# Text Classification

## "*Words. I know words. I have the best words!*"
*- Noam Chomsky*

# Overview

To train an NLP model to classify text, we need:
1. a way to preprocess text
2. a label for each text
3. a way to represent each text as vector input
4. a model to learn  a function $f(input) = label$
5. a way to evaluate how well the model works
6. a way to predict new data

# Checklist: how to classify my data

1. label at ***least 2000*** instances in your data set
2. preprocess the text of *all* instances in your data (labeled and unlabeled)
3. read in the labeled instances and their labels
4. use `TfidfVectorizer` to extract the features and transform them into feature vectors
5. select the top $N$ features (where $N$ is smaller than the number of labeled instances)
6. use 5-fold CV to find the best regularization parameter, top $N$ feature selection, and maybe feature generation and preprocessing steps
7. create a classifier with the best settings

Once you are satisfied with the results:

8. read in the rest of the (unlabeled) instances
9. use the `TfidfVectorizer` from 4. to transform the new data into vectors
10. use the `SelectKBest` selector from 5. to get the top $N$ features
11. use the classifier from 7. to predict the labels for the new data
12. save the predicted labels or probabilities to your database or an Excel file

# The Data

We'll use a subset of a Kaggle data set of wine reviews. For speed reasons, we will focus on descriptions of wines from France, Italy, Spain, and the US. The text data has already been preprocessed.

In [None]:
%%capture
!wget http://www.dirkhovy.com/portfolio/papers/download/wine_reviews_classification.xlsx

In [None]:
import pandas as pd

data = pd.read_excel('wine_reviews_classification.xlsx')
print(len(data))

data.head()

Classifying new (**held-out**) data is called **prediction**. We reuse the weights we have learned before on a new data matrix to predict the new outcomes.
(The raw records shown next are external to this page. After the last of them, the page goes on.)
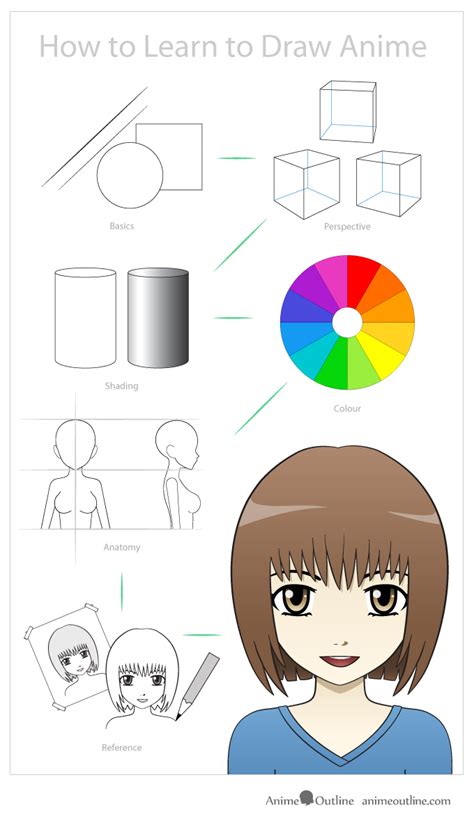 how to learn how to draw anime reddit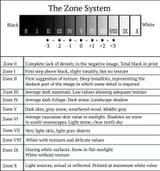 nando-zone-system-tabel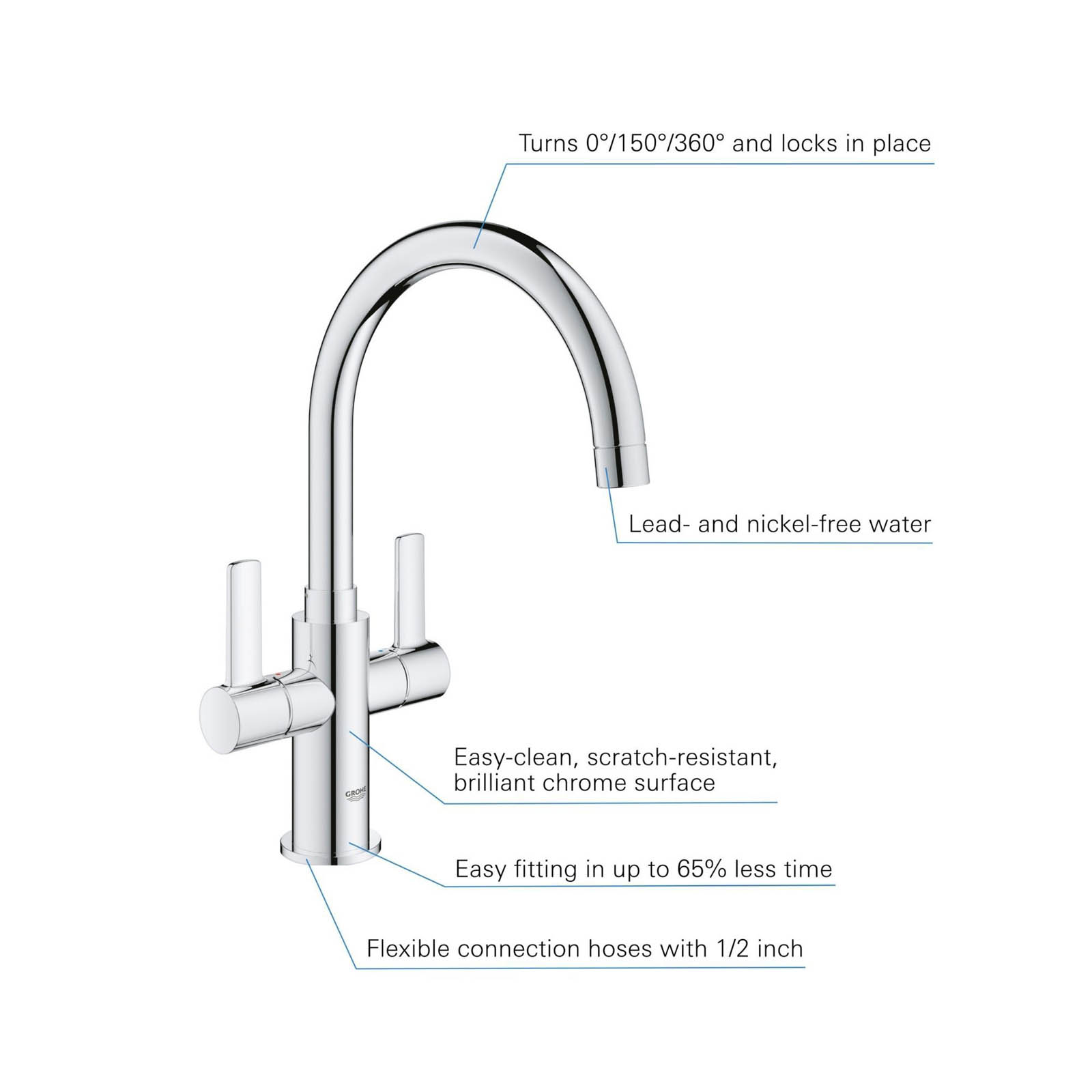 Grohe Kitchen Sink Tap Mixer Chrome Double Lever Swivel Spout Contemporary - Image 4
Important: the new data needs to have the same number of features, and undergo the same preprocessing! The best way to ensure this is to make data splits just after the processing, before we do anything else.

We will work with a random subset of 20000 instances, but you could use the whole data.

In [None]:
# determine the size of training, develpment and test set:
N = len(data)
train_size = int(N*0.5)
dev_size = int(N*0.25)
test_size = int(N*0.25)

# split the data into training, develpment and test set:
train = data[:train_size]
dev = data[train_size: train_size+dev_size]
test = data[train_size+dev_size:]
print(len(train), len(dev), len(test))

Instead of manually splitting the data, you can also use `sklearn`'s built-in `StratifiedKFold` or `StratifiedShuffleSplit`, which ensures equal proportions of labels in all splits.

In [None]:
from sklearn.model_selection import StratifiedKFold, StratifiedShuffleSplit

# The Labels

We'll predict the country of origin (Italy, US, France, or Spain) here, but we could potentially choose any other column.

In [None]:
target = 'country'

y_train = train[target]

print(y_train[:10])

In [None]:
# select dev and test from the same label column
y_dev = dev[target]
y_test = test[target]

You can get the classes (and their mapping to an intger) from the fitted classifier.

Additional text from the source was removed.